Tears welled up in Aquitaine's eyes. They dripped to the floor and became lost in the small puddle of blood she was standing in.

“I wish I could have seen your wedding, Sis,” she croaked. “You would make a lovely bride.”

Her feathers flattened sharply to two dimensions, forming something like a black, inky, abstract painting of a griffon. They flowed up her body, as if being sucked forward to her face. She continued to mouth tearful words as her sister stared, motionless and silent. There was a blinding flash, the rattle of wood hitting the floor, and then Zecora was standing in Aquitaine's place.

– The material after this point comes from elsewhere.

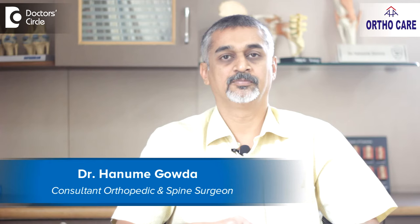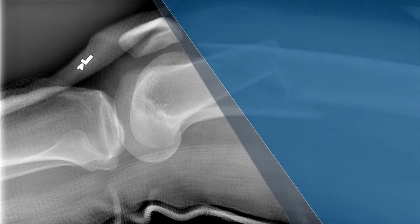Hello, I'm Dr. Hanumai Gorda, practicing orthopedic and joint replacement surgeon, practicing in Nagarbawi, Bangalore.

“That is rather tough talk,” Zecora said, her voice scratching and gurgling as the ripped, bleeding flesh on her neck took its toll, “for a sheep far from her flock.” Gold-tinged smoke streamed from her eyes.

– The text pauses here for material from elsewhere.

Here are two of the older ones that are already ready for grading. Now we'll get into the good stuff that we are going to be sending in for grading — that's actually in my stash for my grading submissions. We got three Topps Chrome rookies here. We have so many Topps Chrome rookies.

Adelaide's wings stretched out and her brow furrowed into a glare. “I'm not afraid of you.” She moved slowly to her bed, but always, Zecora noticed, with her eyes fixed on her. Adelaide reached underneath her canopied mattress and pulled out a long, curved white box, carved gracefully out of a single femur from some large beast. It slid across the floor until it smacked into Zecora's hooves, coming to a stop. “My soldiers are just a short call away, while you have no one but a pathetic husk of a horse to help you, if he even will. Besides, you're not looking so well, whereas I am perfectly healthy.”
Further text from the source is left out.